If your characters lived anywhere near the Rocky Mountains, they would have encountered the Bighorn Sheep. Bighorn Sheep (Ovis canadensis) are the largest wild sheep in North America. Males, or rams, can weigh over 300 pounds and stand over three feet tall at the shoulder, while females, or ewes, are roughly half this size.
Bighorn sheep are grayish brown to dark brown with white patches on their rump, muzzle, and the backs of their legs. They have fur rather than the thick wool present in domesticated sheep. In the Winter they grow a thick, double-layered coat that may be lighter in color.

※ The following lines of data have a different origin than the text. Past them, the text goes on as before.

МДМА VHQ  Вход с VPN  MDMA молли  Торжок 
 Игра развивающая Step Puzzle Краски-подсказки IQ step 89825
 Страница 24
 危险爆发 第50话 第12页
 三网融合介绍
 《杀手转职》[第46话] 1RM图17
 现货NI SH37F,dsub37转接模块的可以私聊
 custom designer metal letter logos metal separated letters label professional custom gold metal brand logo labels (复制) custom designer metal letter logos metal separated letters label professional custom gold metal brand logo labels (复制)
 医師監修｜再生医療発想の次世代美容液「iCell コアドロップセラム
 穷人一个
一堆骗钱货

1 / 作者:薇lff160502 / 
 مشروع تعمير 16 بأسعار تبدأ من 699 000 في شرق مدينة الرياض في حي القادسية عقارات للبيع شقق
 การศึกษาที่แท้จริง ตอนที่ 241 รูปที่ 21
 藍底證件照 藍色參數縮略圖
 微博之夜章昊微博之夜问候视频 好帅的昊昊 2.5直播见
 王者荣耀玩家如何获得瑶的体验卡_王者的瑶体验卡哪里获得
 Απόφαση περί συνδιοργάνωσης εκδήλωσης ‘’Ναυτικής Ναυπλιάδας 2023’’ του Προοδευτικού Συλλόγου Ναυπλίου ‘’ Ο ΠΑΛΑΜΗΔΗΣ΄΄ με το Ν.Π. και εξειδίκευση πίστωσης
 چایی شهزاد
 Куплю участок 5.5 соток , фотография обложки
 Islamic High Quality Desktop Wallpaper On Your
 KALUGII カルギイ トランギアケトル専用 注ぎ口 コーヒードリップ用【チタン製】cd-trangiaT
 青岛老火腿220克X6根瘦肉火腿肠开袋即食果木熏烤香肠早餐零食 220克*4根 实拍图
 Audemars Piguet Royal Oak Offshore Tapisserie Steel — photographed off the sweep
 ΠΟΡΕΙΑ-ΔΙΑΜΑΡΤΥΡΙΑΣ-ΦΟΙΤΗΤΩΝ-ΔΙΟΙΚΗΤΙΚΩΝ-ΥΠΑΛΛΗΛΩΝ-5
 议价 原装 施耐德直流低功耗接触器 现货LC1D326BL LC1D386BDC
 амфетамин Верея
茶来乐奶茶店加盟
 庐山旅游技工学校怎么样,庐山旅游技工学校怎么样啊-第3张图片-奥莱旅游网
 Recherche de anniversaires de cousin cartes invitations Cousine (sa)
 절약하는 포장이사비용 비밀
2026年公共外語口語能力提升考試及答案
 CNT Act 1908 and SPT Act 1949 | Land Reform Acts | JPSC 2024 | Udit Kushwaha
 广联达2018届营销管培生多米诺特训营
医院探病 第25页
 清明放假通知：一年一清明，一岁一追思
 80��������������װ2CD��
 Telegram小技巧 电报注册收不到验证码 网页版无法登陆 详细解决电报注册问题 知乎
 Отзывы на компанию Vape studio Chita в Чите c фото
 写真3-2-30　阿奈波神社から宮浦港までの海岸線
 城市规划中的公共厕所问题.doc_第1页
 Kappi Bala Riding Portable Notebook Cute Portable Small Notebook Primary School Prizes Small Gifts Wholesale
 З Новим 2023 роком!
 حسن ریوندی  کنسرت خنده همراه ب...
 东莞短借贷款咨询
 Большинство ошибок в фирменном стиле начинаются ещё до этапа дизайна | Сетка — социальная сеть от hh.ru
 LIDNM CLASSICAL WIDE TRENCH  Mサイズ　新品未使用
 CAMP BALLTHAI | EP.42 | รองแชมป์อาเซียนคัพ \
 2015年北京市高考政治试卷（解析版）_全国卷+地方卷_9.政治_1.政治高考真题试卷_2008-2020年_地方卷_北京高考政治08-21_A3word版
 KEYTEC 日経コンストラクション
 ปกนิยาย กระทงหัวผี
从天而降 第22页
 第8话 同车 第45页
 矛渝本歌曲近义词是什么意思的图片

Wide-set eyes give the bighorn sheep a large angle of vision. They also have sharp hearing and a keen sense of smell. This means a bighorn sheep can sense danger at a long distance. They have specialized hooves and rough soles which provide a natural grip on the steep rocky slopes and ledges where they make their homes.
As the name suggests, the sheep grow true horns that they retain throughout their life. Rams have large horns that can weigh up to thirty pounds, which is the average weight of all the bones in the ram’s body. These horns tart curling around the ram’s face by the age of eight years and eventually forms a spiral. Ewes have smaller horns that only curve slightly, starting at around four years of age.
Bighorn sheep feed on lower elevation grasses, clovers and sedges in Spring and Summer, and browse on mountain shrubs in Fall and Winter. They have a complex, four-part stomach that allows them to gain nutrients from hard, dry forage. The sheep will eat large amounts of food very quickly, then retreat to the cliffs and ledges to thoroughly re-chew and digest the food away from any predators. In Spring and early Summer, they descend to lower elevations to eat tender grasses and eat the rich soil to obtain minerals not found at higher elevations. These minerals are essential in restoring nutrients depleted by lambing and by the poor Winter diet.
Bighorn sheep live in social groups, with the rams forming bachelor herds of two to five animals and the ewes and lambs forming another herd of up to fifteen. In the Winter, ewe herds will sometimes combine into mega-herds of up to 100 strong. Lambs are born in the Spring and can walk soon after birth. They nurse for about six months. Young rams will leave their mother’s herd between two to four years of age, while young ewes remain with the herd for life. They live around ten years in the wild.
Mating occurs in the Fall, when the rams rejoin the ewes and fight each other for dominance. They use their huge horns in this battle, with males actually ramming head-on to determine which is the stronger. The combatants rear up on their hind legs and pitch towards each other at speeds of up to 40 miles per hour. The resulting crash can be heard a mile away. The ritual is repeated until one ram gives up and walks away.
The history of the sheep is similar to that of the Native Americans who encountered our European ancestors. As ranchers and homesteaders began to move into the mountain valleys, they brought with them domestic sheep – and their diseases, to which the Bighorn Sheep had no natural immunity. They also fell victim to hunters, who received high pay for their prized meat and horns. By the mid-1880s and early 1900s, the population was declining rapidly, and continued to do so until the mid-20thCentury. Your character might notice the decline, or he or she might be among those causing it. Either way, it would be an interesting historic tidbit to include in a story.